EXERCISE OBJECTIVE.
Could the listing below be reproduced exactly, minus its pictures?
DATA PROVIDED below:
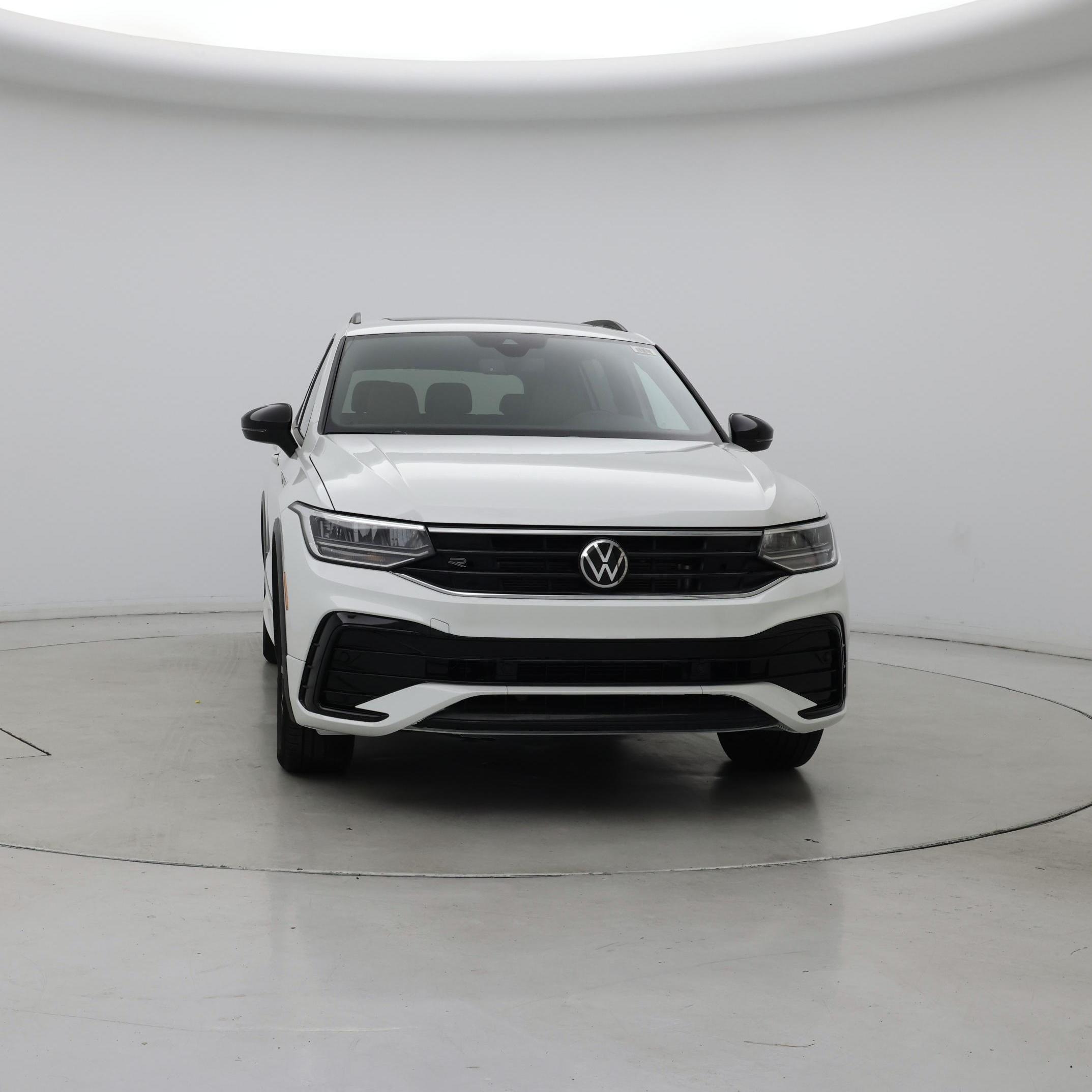 Thumbnail: 2022 Volkswagen Tiguan - 5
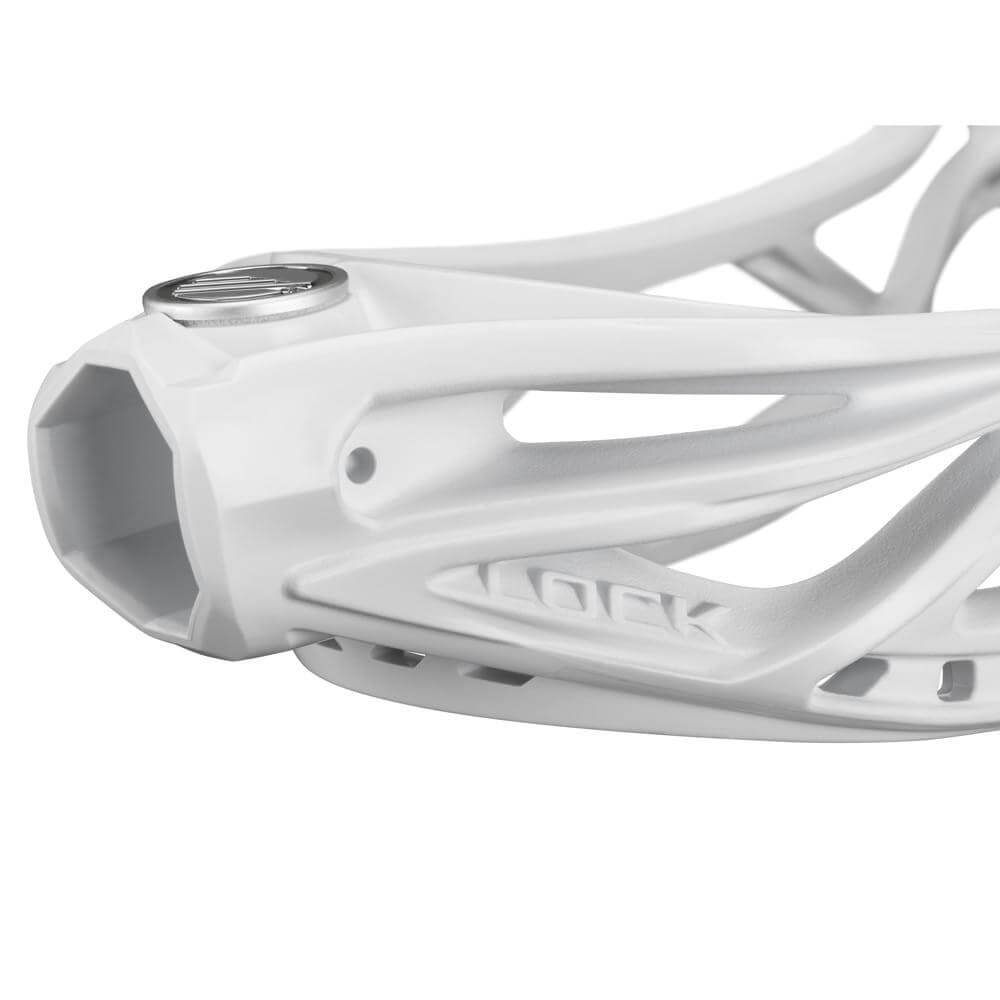 Maverik Lock Lacrosse Head - Top String Lacrosse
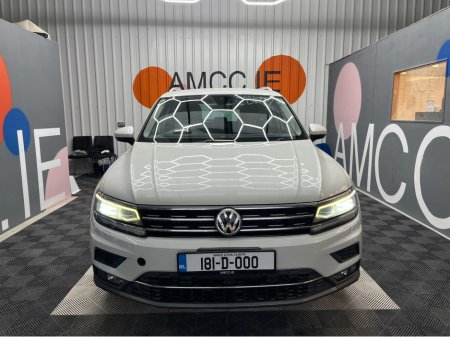 2018 Volkswagen Tiguan - thumbnail 6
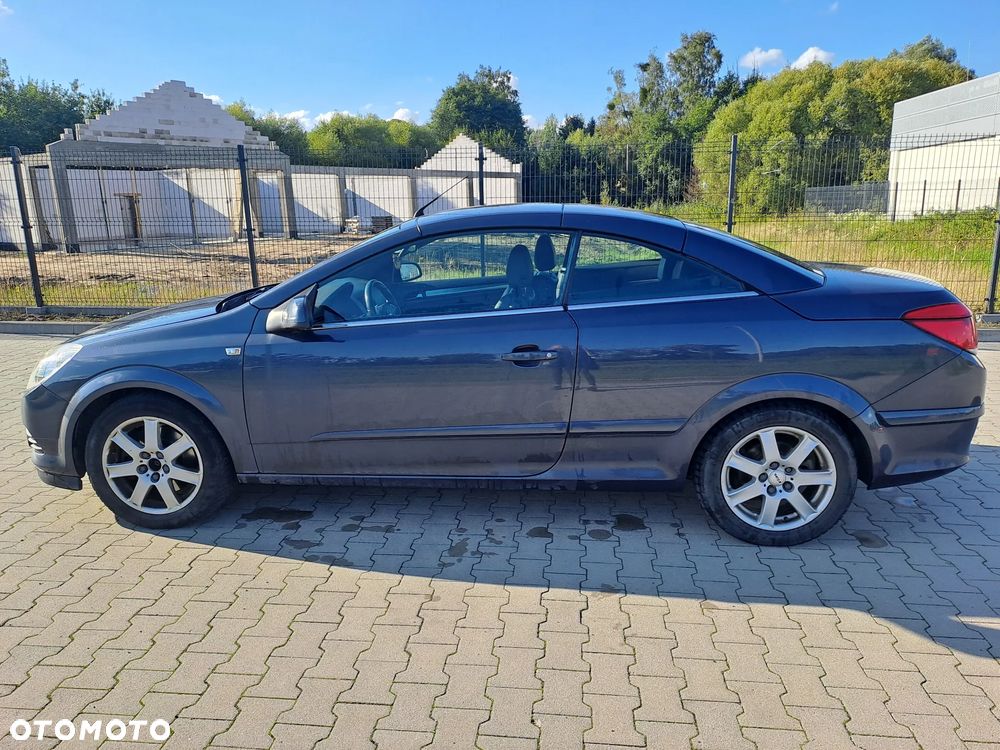 Opel Astra 1.9 CDTI Edition - 6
End of DATA PROVIDED.
ANSWER AREA.
 Thumbnail: 2022 Volkswagen Tiguan - 5
 Maverik Lock Lacrosse Head - Top String Lacrosse
 2018 Volkswagen Tiguan - thumbnail 6
 Opel Astra 1.9 CDTI Edition - 6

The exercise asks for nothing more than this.